“Fake it ‘til you make it” is a familiar idiom with roots in the great teachings of Aristotle, who once said that a person who acted virtuous would, in fact, become a virtuous person.
Fake merchants — a problem that now underpins a $352 billion annual money-laundering loophole in the U.S. alone — don’t exactly follow those same principles. These merchants act like real merchants, with no intention of ever becoming one. In this situation, faking it until they make it is simply an illegal means to what has become a lucrative endgame for them.
The eCommerce fakers, Trulioo GM Zac Cohen told Karen Webster in a recent conversation, are an increasingly common occurrence. They look and feel like a real merchant, they are able to legitimately take payments, but they aren’t really in the business of selling the goods as advertised goods.
Instead, Cohn noted, they either fake it by breaking into a legitimate merchant’s data stream — and use their merchant account to sell illicit goods and services — or go all the way and create fake digital storefronts.
“Fake merchants are the sinister side of eCommerce, because we either are dealing with [a] fraudster taking advantage of a less-mature or less-hardened merchant account to forge data and divert funds through different accounts,” Cohen said, “or we just have the folks that are just illegally setting up a front business that have no intention of ever being legitimate, and the whole thing is just fraudulent front-to-back.”
It may not be a top-of-mind problem for many consumers and merchants, which Cohen said is just the way they like it. Since the beginning of commerce, fraudsters have been looking for ways to game the system, he noted — and the sheer proliferation of microbusiness online in recent years created a new weak point to attack.
The good news, Cohen noted, is that the payments ecosystem now has a better understanding of why and how these eCommerce fakers ply their craft, and is now better-equipped to stop it. But only if the solutions to stop it don’t leave gaps for those fakers to keep faking until they make it.
The Tough Thing About Easy Merchant Onboarding
Fraudsters are taking a sudden interest in online storefronts, Cohen said, for one very explicable reason: Those storefront operators can set up shop, literally, anywhere on planet Earth where there is an internet connection.
And there are now millions of those storefronts.
“There are a lot of great tools in the market that make it easy to set up shop online,” Cohen explained, “and that means that there are a lot of micro-merchant businesses out there selling everything from razor blades to real estate.”
Making it that easy to start one’s own microbusiness inspires innovation, but also — unfortunately — makes it easy for anyone to start a microbusiness, including those whose main entrepreneurial efforts are focused on building a cool-looking storefront that specializes in fake invoices, false transactions and data scraping. The buyer, of course, does not know they are shopping in a money-laundering boutique. They think they are buying shoes, or clothes, or electronics — or helping people in their time of need.
“What we have seen a lot of lately is people setting up fake firms, trying to take advantage of disaster resources deployed to help victims,” Cohen said. He referenced the opportunistic fakers who set up schemes intended to “help” the California wildfire victims, but who lined their own pockets instead.

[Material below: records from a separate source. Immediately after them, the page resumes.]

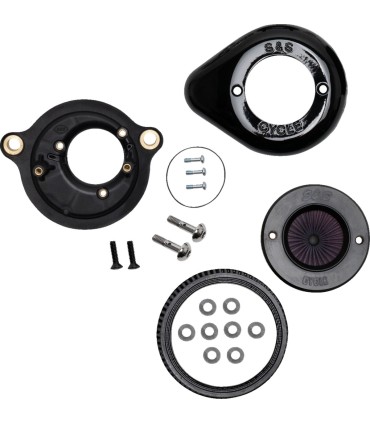 AIR CLEANER A-STNG 17-22B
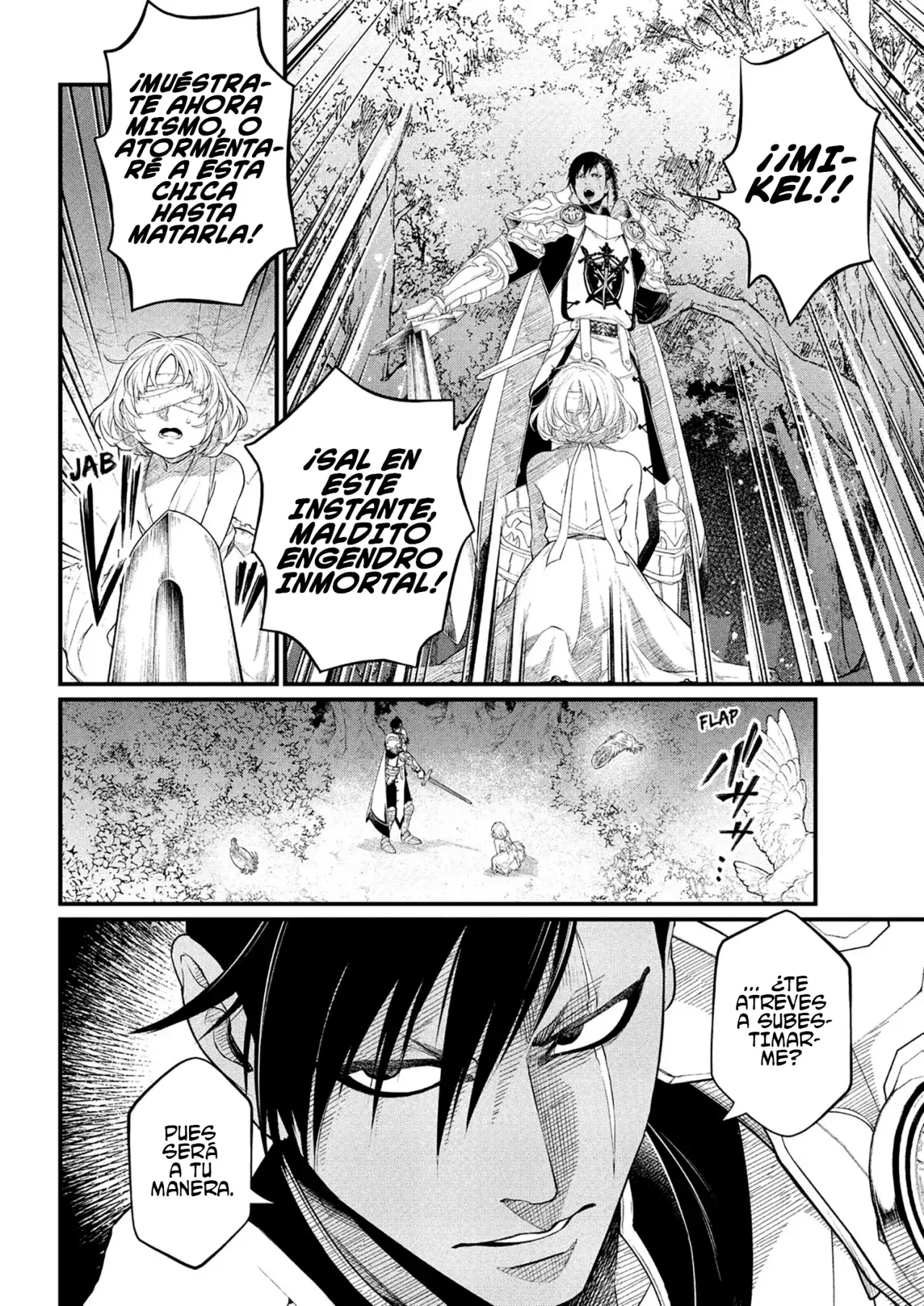 Read Märchen Crown ES Manga Online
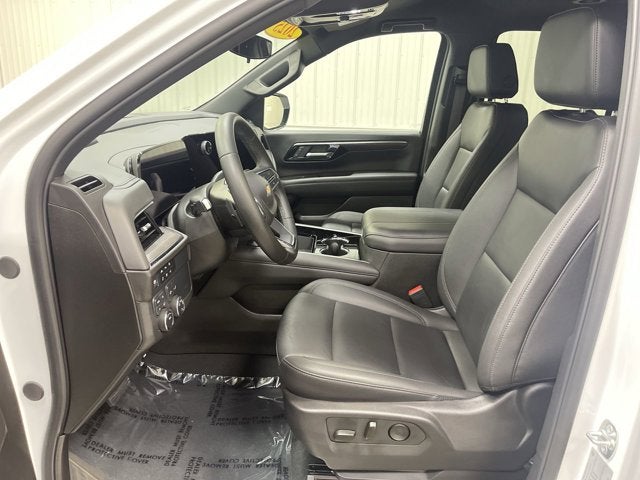 2025 Chevrolet Tahoe LT 4WD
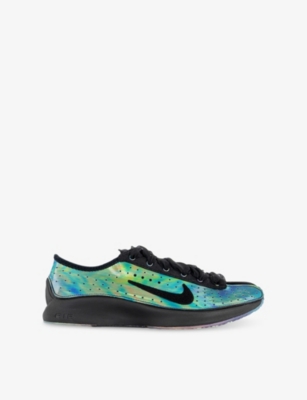 NIKE: Air Superfly Woven Trainers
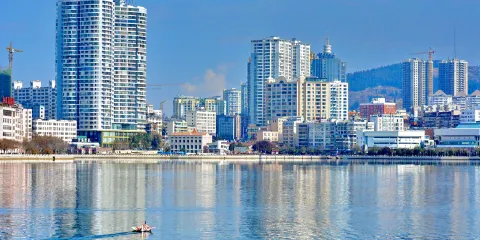 箇舊市金湖公園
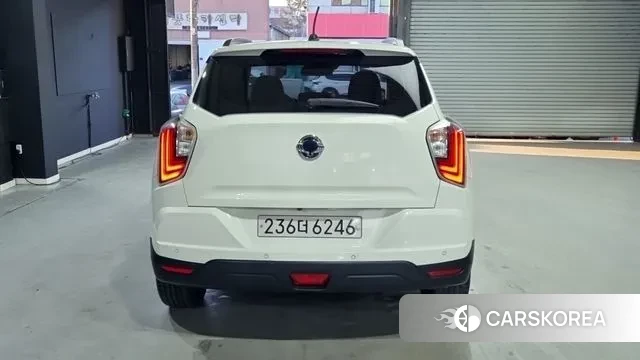 Ssangyong Berry New Tivoli id 3468036 из Кореи 12
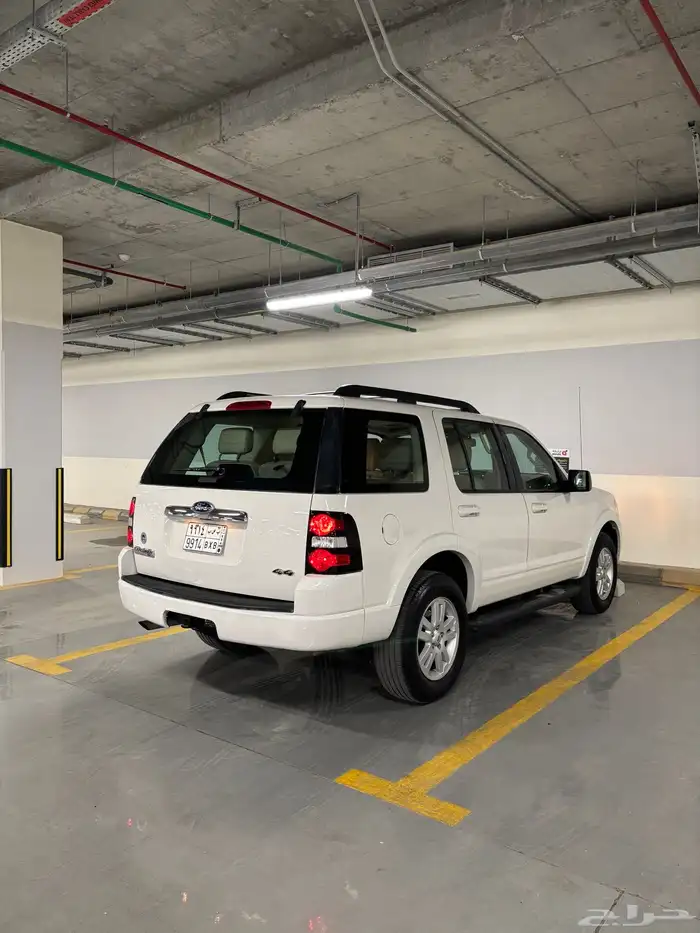 للبيع اكسبلورر 2010 فل كامل 38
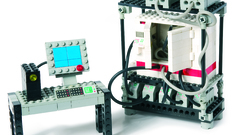 Lego laboratory computer Toys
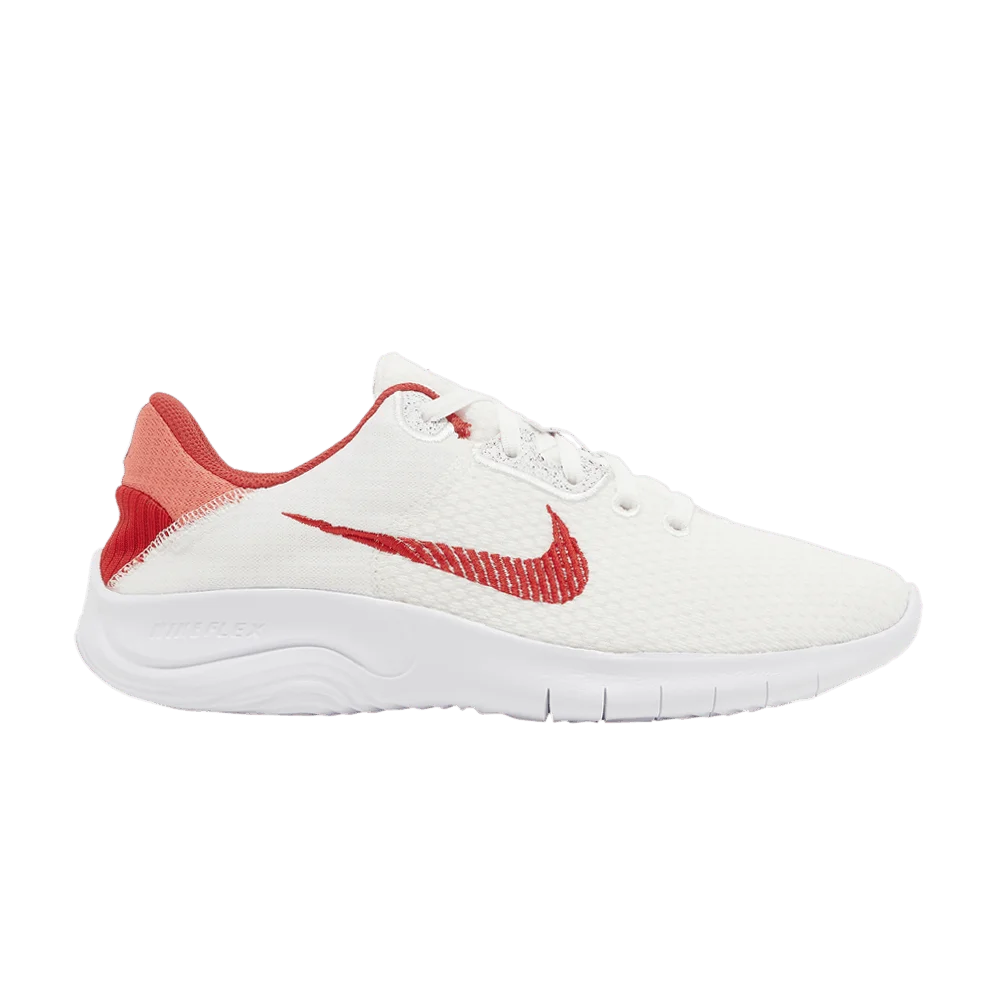 Krossovki-Nike-Wmns-Flex-Experience-Run-11-Next-Nature-White-Magic-Ember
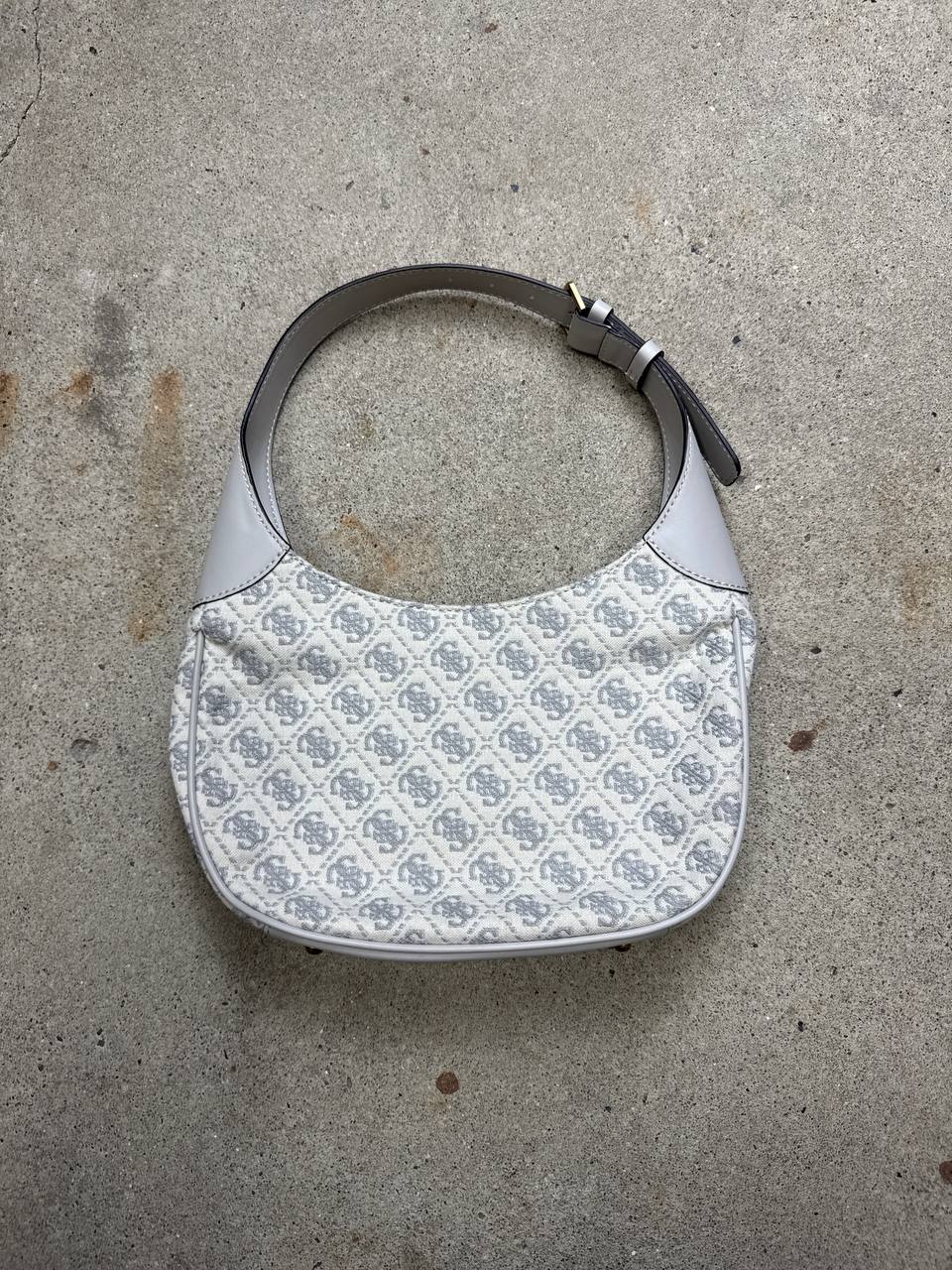 Guess | Handtasche Hobo 4G Gold | One Size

All these fakers are discoverable, of course — but for most of them, when they are, it is far too late to do anything to the fraudster, who has already shut down their fake company and moved to the storefront next door. And since there are so many instant onboarding solutions for microbusinesses, Cohen said, the fakers can keep faking it for quite a long time.
“You can see these small hits, happening over and over again,” Cohen observed, adding that it exists because it is lucrative, which is why fraudsters will continue for as long as they can.
Fighting The Fakers
Fighting the fakers is hard, Cohen noted, because fraudsters are agile and very much in the know. They tend to know, for example, that most transaction fraud securities and controls are meant to find fraud after the fact. They also know the security software is looking for illicit transactions.
This means they use schemes to hide those obvious telltales and exploit those fraud loopholes.
“Fraudsters are quite good at creating transaction frauds that are very hard to spot — double invoicing, or carousel transactions, for instance,” Cohen explained. “Fraudsters are onto the fact [that] the industry is looking for weird transactions — so they are making small changes in places like invoices where it is hard to pick up, or taking advantage of the fact that no one is really looking hard at them when they are setting up their firm.”
It’s not that monitoring after the fact isn’t useful or important, Cohen said — as it is both of those things. It just isn’t sufficient to the problem. Finding fake merchants after they’ve set up shop isn’t nearly as good as exposing them before they can set up shop.
That’s where Cohen said Trulioo want to take the fight, using the company’s Global Business Verification project to find the fake merchants before they set up shop, during the onboarding process.
“Businesses are learning today and becoming much, much more aware … than they’ve ever been … that this is a problem, and an expensive one both in terms of dollars and reputational damage. It is very much top of mind,” he said.
Online communities run on trust, he said, and the best approach to building trust in that kind of digital context is simply to know with whom one is doing business. It is important for payment services providers to know who their customers and vendors are, and how the supply chain is functioning, Cohen said. That’s because without those kinds of easy checks, it is incredibly easy to use sloppy onboarding to attack payment networks, or use those networks for “nefarious purposes.”
The problem, according to Cohen, is one of visibility. There are exactly zero platforms that want to make it easy for fraudsters to leverage their, otherwise, slick onboarding processes to defraud people and launder money.
It’s just that “money laundering has come a long way since its laundromat days with Al Capone. It’s now time to shift courses and adopt new tactics that take proactive — and not just reactive — measures,” he said.
Fraudsters, Cohen noted, want to fake it ‘til the make it. Smarter onboarding will make it easier to catch the faking early on so that they never make it anywhere.